What the task requires: Where an image appears in the data, omit it and reproduce the rest exactly.

Information supplied section start

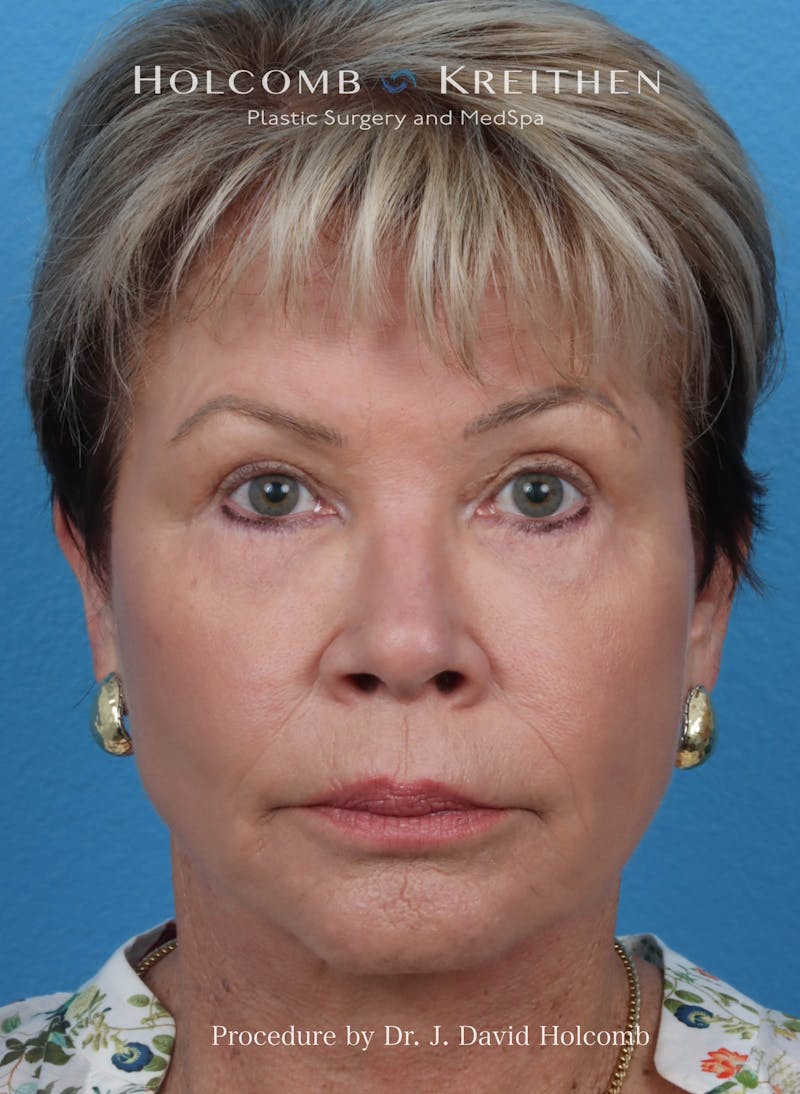 Facelift Before & After Gallery - Patient 409180 - Image 2
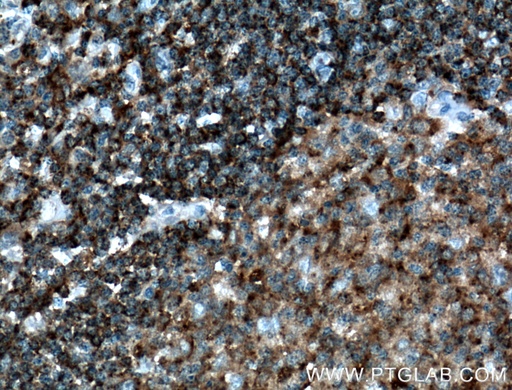 [21704-1-AP-20UL] HLA-DMB Polyclonal antibody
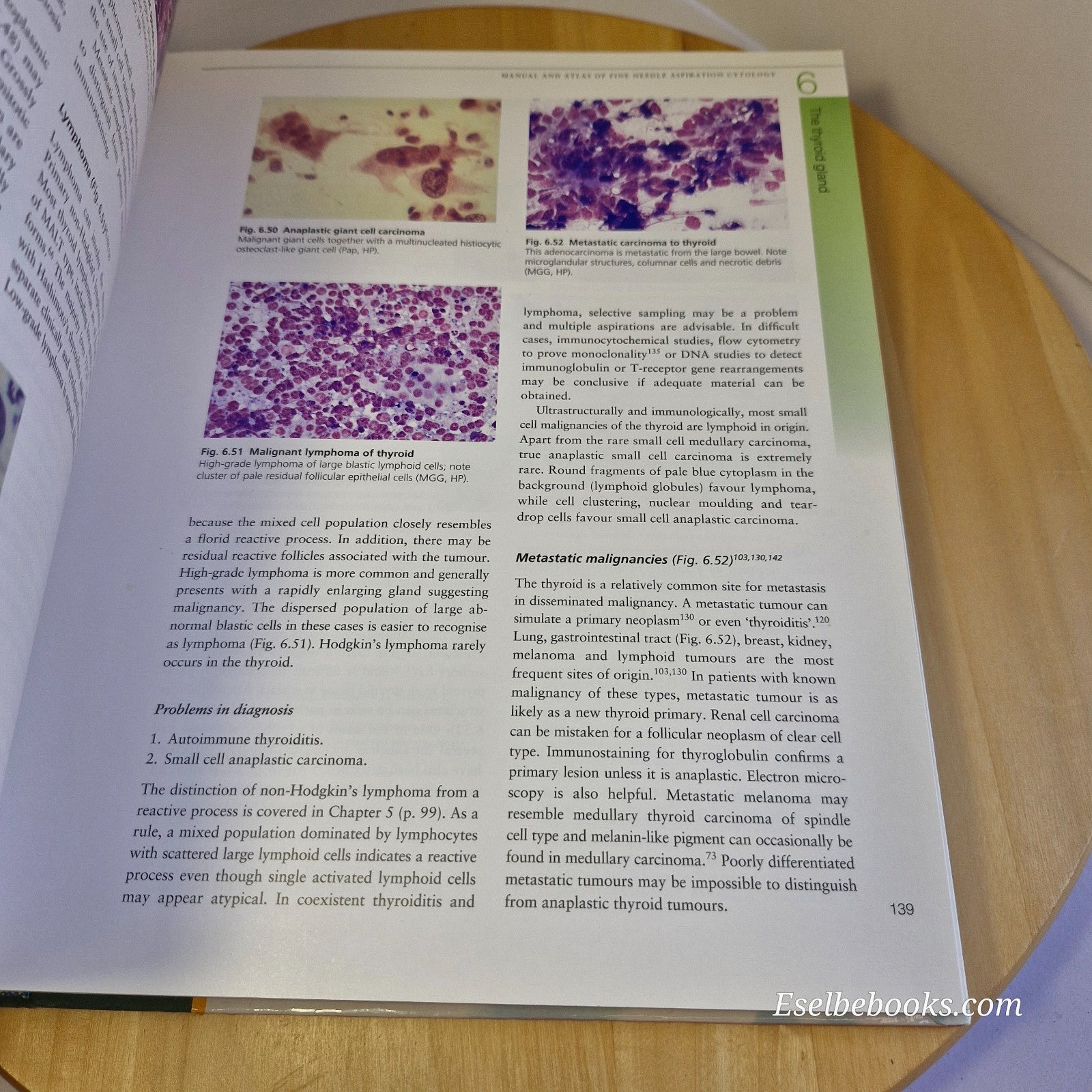 Manual & Atlas of Fine Needle Aspiration Cytology - Orell/Sterrett/Walters/Whita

Information supplied section end

Answer to this exercise:
 Facelift Before & After Gallery - Patient 409180 - Image 2
 [21704-1-AP-20UL] HLA-DMB Polyclonal antibody
 Manual & Atlas of Fine Needle Aspiration Cytology - Orell/Sterrett/Walters/Whita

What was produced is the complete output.